— Pardon, monsieur le procureur général, pardon, je ne sais pas si je viens de faire une bêtise, c’est possible, mais, pour ce qui est de me dire que le prisonnier d’hier soir et M. le juge d’instruction c’étaient la même personne, non, jamais de la vie. Je connais bien M. Pradier, avec sa barbe, sa moustache, ses favoris, ses grands cheveux grisonnants et bouclés, sa bonne figure cordiale. Or, l’homme que m’ont remis les gendarmes avait un visage anguleux, des yeux rudes, la face complètement rasée, ce n’est pas M. Pradier. C’était bien une tête de policier, j’ai tout de même un peu de flair, et, sans l’avoir jamais vu, j’ai reconnu Juve.
Le procureur se retourna vers l’inspecteur de la Sûreté :
— Monsieur Juve, déclara-t-il, vous entendez ce sinistre crétin, il vous a reconnu.
Et, cependant que le procureur se tordait les mains dans un geste d’accablement et que Jacquinet, de plus en plus abasourdi, regardait alternativement le magistrat, puis le personnage inconnu que M. Anselme Roche venait d’appeler Juve, l’inspecteur de la Sûreté se leva. Très calme, presque avec ironie, il déclara :
— Il y a des malchances qui s’acharnent sur des gens et véritablement la nôtre est exagérée. Vous ne pouvez pas incriminer ce gardien d’avoir commis cette erreur, monsieur le procureur général. Il a obéi aux ordres de son chef, et il a bien fait. Nous avions pris Fantômas, il s’est évadé, soit. Mais il part démasqué, sans argent, traqué de toutes parts. Au fond, peut-être cela vaut-il mieux. Sa fuite, réelle désormais, lorsque nous l’aurons repincé, nous évitera toutes sortes de formalités, car nous le repincerons, monsieur le procureur général, j’en ai la certitude, nous le repincerons.

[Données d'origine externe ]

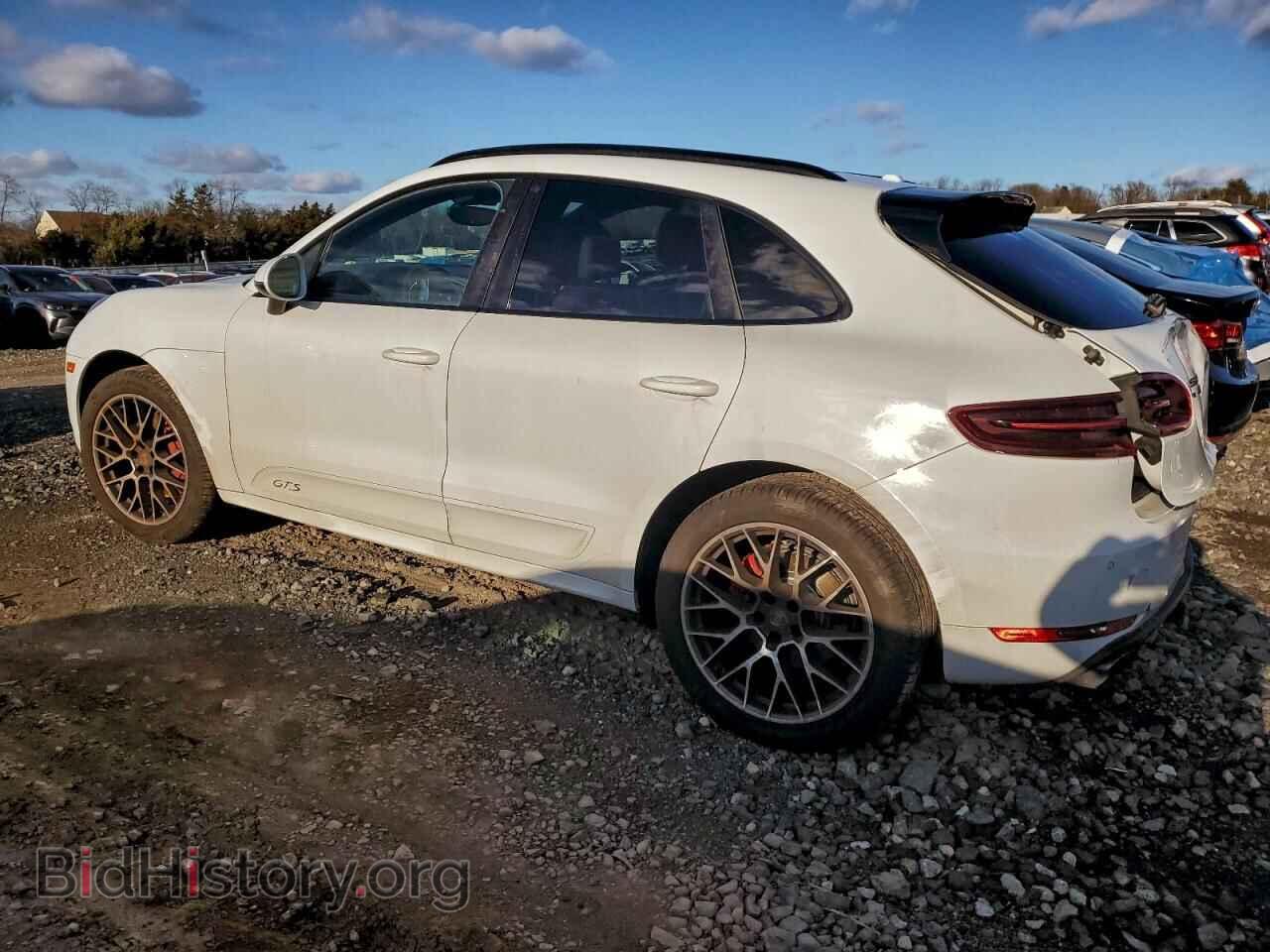 2017 PORSCHE MACAN - VIN: WP1AG2A59HLB55452 - Фото 2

Un coup discret à la porte du cabinet.
— Entrez, fit le magistrat.
C’était un télégraphiste qui apportait une dépêche.
— Monsieur le procureur, demanda ce jeune homme.
Anselme Roche s’avança, prit la dépêche.
— Tenez, fit-il en tendant le papier à Juve, c’est pour vous.
L’adresse du télégramme était ainsi libellée :
Procureur général de Saint-Calais, pour remettre à Juve, inspecteur de la Sûreté.
Juve déchira le pointillé et, de sa voix grave, lut le texte du télégramme, qui était ainsi conçu :
Fantômas s’est sauvé de prison, mais je suis sur ses traces. Fandor.
La dépêche était datée d’Orléans.
— Eh bien, monsieur Juve, que pensez-vous ? interrogea le procureur.
Juve ne répondit pas. Il prit en hâte son pardessus, son chapeau, puis, une fois prêt, revint vers le magistrat, s’inclina devant lui :
— Monsieur le procureur général, déclara Juve, je pense que les minutes sont précieuses et que je n’ai plus un instant à perdre pour rattraper Fantômas. J’ai bien l’honneur de vous saluer.